▶ **Supplied data**
..............................

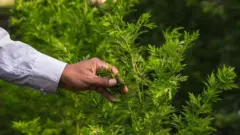 Artemisia plant at Madagascar research facility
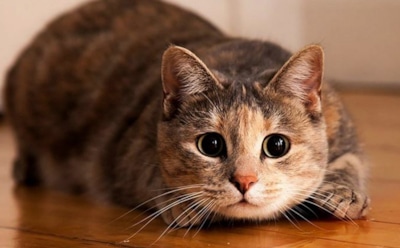 Фотография кота-хамелеона запутала пользователей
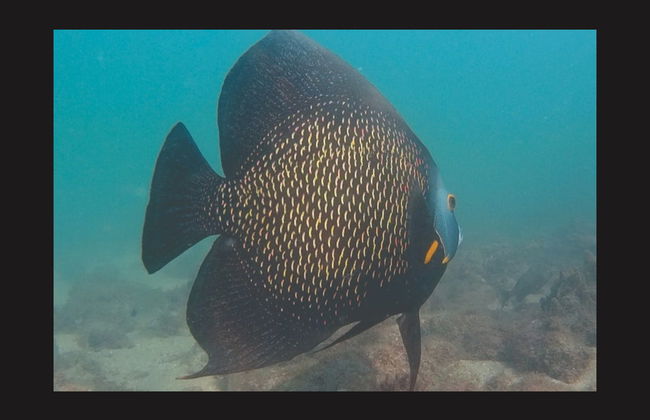 Snorkel en Ilhabela - Foto 5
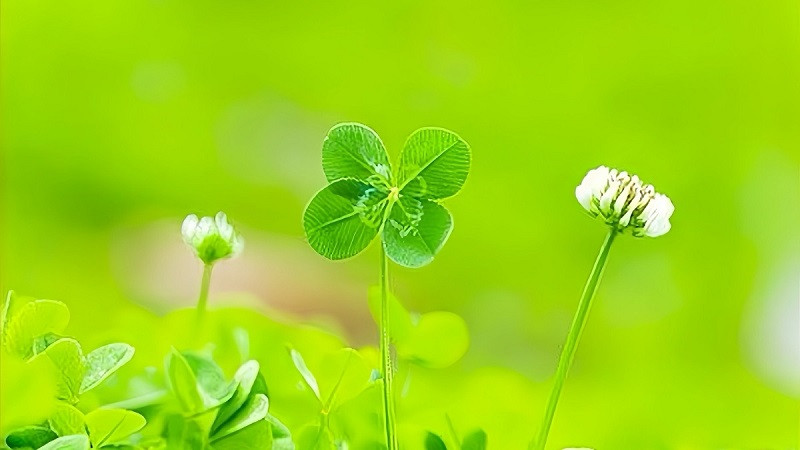 Cận cảnh một nhánh cỏ bốn lá xanh mướt trên nền đất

..............................

▶ **Exercise instructions**
Pictures stay out; print everything else in the data exactly.

▶ **Result of the exercise**
 Artemisia plant at Madagascar research facility
 Фотография кота-хамелеона запутала пользователей
 Snorkel en Ilhabela - Foto 5
 Cận cảnh một nhánh cỏ bốn lá xanh mướt trên nền đất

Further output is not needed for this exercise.